Shipment Speed and Size: Why It Matters
The 2023 holiday season outlook is a bit more “merry and bright,” according to a recent DHL survey of 800 U.S. small and mid-sized enterprises (SMEs), as respondents anticipate an increase in ecommerce buying activity over last year.
Overall, the survey findings suggest that while challenges—such as inflation and supply chain disruptions—persist, a majority of SMEs are optimistic about the holiday season and the global trade market going into 2024. That means growth in faster fulfillment.
Any harbinger of good economic news is welcome. Other factors that spur the growth of ecommerce shipping and the increasing calls for smaller shipments and delivery velocity are not directly related to the state of the U.S. economy.

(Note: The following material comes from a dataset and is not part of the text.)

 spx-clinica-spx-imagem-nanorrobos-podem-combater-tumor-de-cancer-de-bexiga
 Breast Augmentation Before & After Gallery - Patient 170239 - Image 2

One would be, I hate to say it, the Amazon effect on culture, specifically on retail and industrial consumer buying behavior and expectations. Seasonal fluctuations in buying and resultant shipment levels aside, consumers of all types have been acculturated to expect near-immediate delivery. The Amazon fulfillment model has bled over into normal business expectations.

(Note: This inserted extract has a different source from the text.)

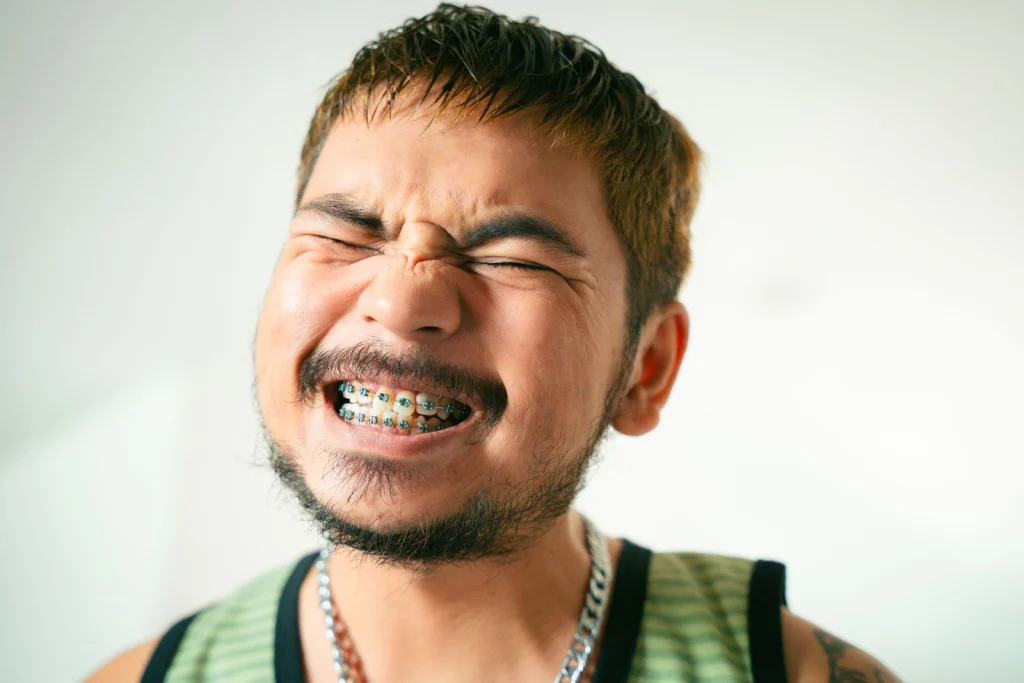 Close-up of a smiling man with braces, beard, and mustache expressing joy indoors.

Another reason for the speed and size trend is the impact of inflation and economic uncertainty on held inventory levels. To that point, several surveys show increasing use of less-than-containerload (LCL) and less-than-truckload (LTL) shipment delivery choices. Those modes are typically more expensive than full container or truckload, so why is that happening? It’s a balancing act between paying more for transportation and limiting downside risk on holding too much—or the wrong kind of—inventory. Both LCL and LTL open up the ability to better match demand to your supply chain.

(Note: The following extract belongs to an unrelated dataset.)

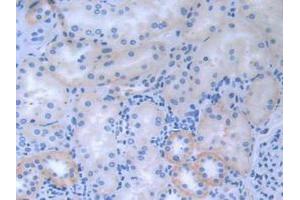 IHC-P analysis of Human Kidney tissue, with DAB staining. (CDCP1 抗体  (AA 689-836))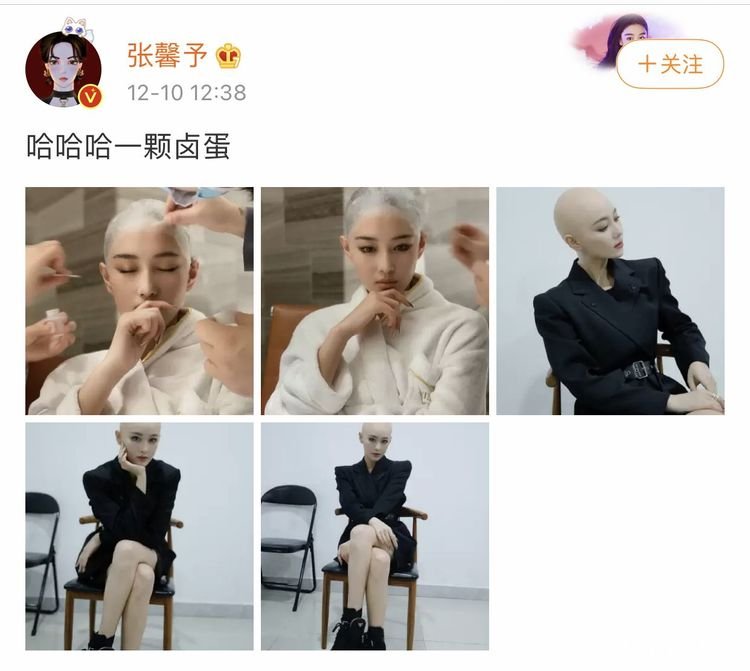 高颜值的张馨予大胆晒“光头”,是不是很任性?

A third reason is the convergence of AI and supply chain operations and intelligence. It’s in the preliminary stages, but already shows how fast fast can be, and how exact inventory investment can result in better customer service.
Amazon recently announced a warehouse overhaul initiative that uses AI to drive robots. Amazon expects the program, known as Sequoia, to improve the speed of storing and then finding products by up to 75% and then kick up order fulfillment by 25% while cutting costs significantly.
In addition to automation, Amazon has built out more regional hubs. “We’ve re-evaluated every part of our fulfillment network over the last year,” said CEO Andy Jassy. “We obviously like the results, but don’t think we’ve fully realized all the benefits yet. And when customers receive items quickly and conveniently, they’re going to consider us more frequently.”
Is this sustainable? Can Amazon competitors use the same playbook? Yes, and they have to because the call for smaller, closer, and faster shipments by industrial and consumer buyers will continue unabated.